# Try it
Output, word for word, the lines of this listing that fall between the line with "-小饕荟雅安贡椒鱼鲜馆(广福桥店)" and the line with "SWORD OF DEMON", counting both of those lines, and no others.

# Source material
_ _ _ _

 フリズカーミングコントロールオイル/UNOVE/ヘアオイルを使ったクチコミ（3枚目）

_ _ _ _

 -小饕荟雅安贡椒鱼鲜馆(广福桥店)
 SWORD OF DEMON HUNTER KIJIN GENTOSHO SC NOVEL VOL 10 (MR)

_ _ _ _

# Answer box
 -小饕荟雅安贡椒鱼鲜馆(广福桥店)
 SWORD OF DEMON HUNTER KIJIN GENTOSHO SC NOVEL VOL 10 (MR)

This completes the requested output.